The operational impact of this vulnerability extends beyond simple data retrieval, as it can enable attackers to bypass authentication mechanisms implemented within n8n workflows. An attacker could manipulate LDAP search filters to retrieve unintended records, potentially accessing sensitive user information or even escalating privileges through crafted filter expressions. This creates a significant risk for organizations relying on n8n for authentication workflows or systems where LDAP integration is used for access control. The vulnerability's exploitation requires a specific attack vector involving workflow configuration, making it less likely to be exploited broadly but still poses a serious threat to environments where such workflows exist.
The remediation process requires upgrading to specific patched versions of n8n, with versions 1.123.27, 2.13.3, and 2.14.1 providing the necessary fixes for this vulnerability. These updates implement proper escaping mechanisms for LDAP metacharacters and ensure that user-controlled input is appropriately sanitized before being incorporated into LDAP search filters. Organizations should prioritize upgrading their n8n installations to these patched versions to fully address the vulnerability. However, during the transition period or when immediate upgrades are not feasible, administrators can implement several temporary mitigations including restricting workflow creation permissions to fully trusted users, disabling the LDAP node entirely through environment variable configuration, and avoiding the use of unvalidated external input in LDAP node parameters.
The temporary mitigations recommended by the vendor align with defensive programming principles and access control best practices, though they represent incomplete solutions that do not fully eliminate the risk.

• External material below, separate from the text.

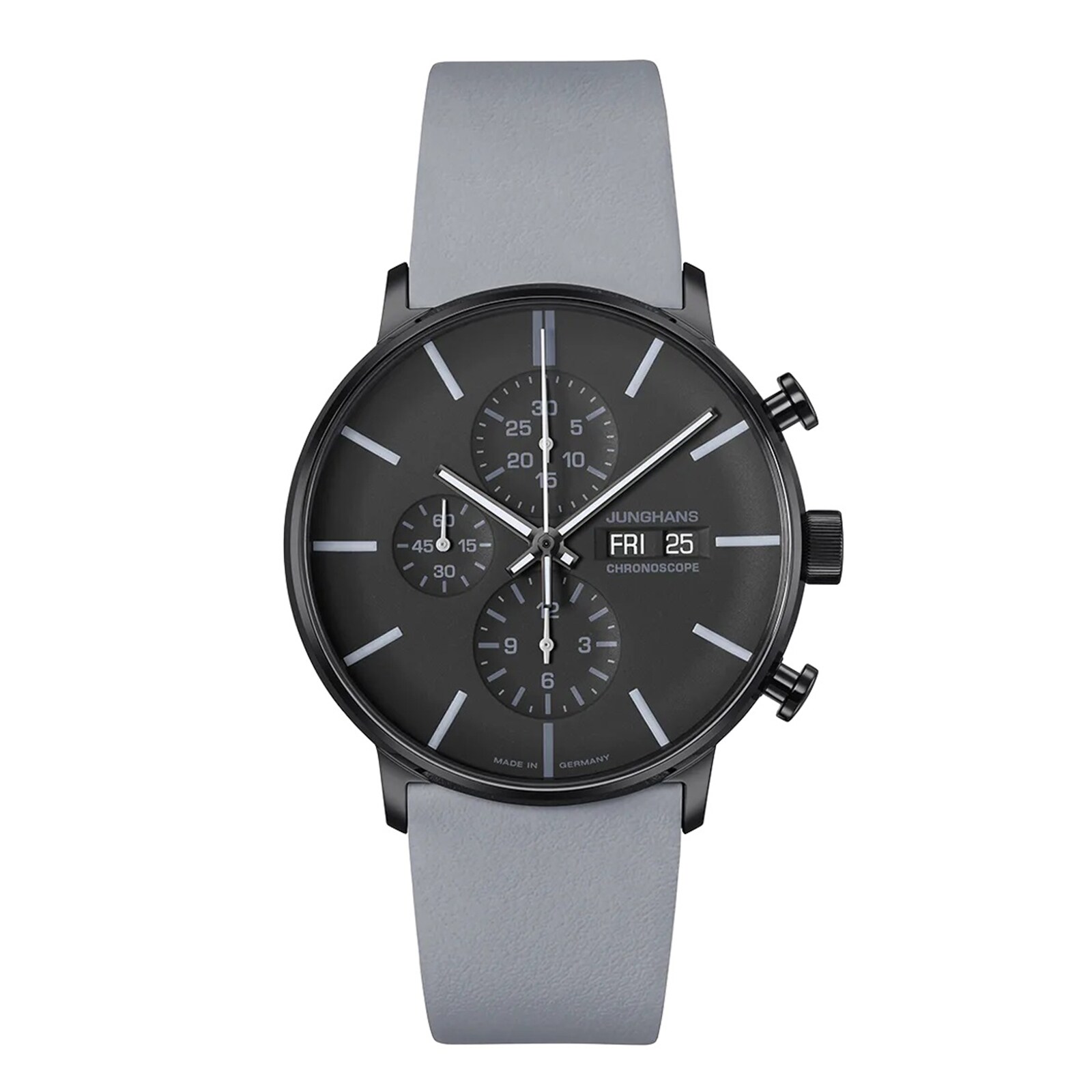 Junghans FORM A Chronoscope, English Date 42mm Mens Watch Black Grey Junghans FORM A Chronoscope, English Date 42mm Mens Watch Black Grey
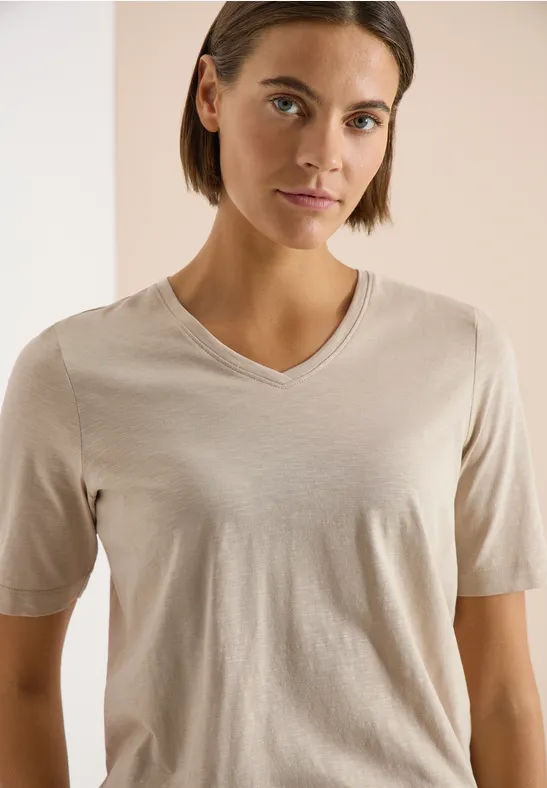 Basic Shirt met V-hals grain beige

Limiting workflow permissions addresses the attack surface by restricting who can create potentially vulnerable workflows, while disabling the LDAP node removes the specific vulnerable functionality from operation. These measures should be considered emergency responses rather than permanent solutions, as they may impact legitimate workflow functionality. The vulnerability's classification under the ATT&CK framework would fall within the credential access and defense evasion domains, as it enables both unauthorized access through authentication bypass and can be used to evade detection through manipulated search results. Organizations should conduct thorough security assessments of their n8n deployments to identify all workflows utilizing the LDAP node and ensure proper patching or mitigation implementation across their environments.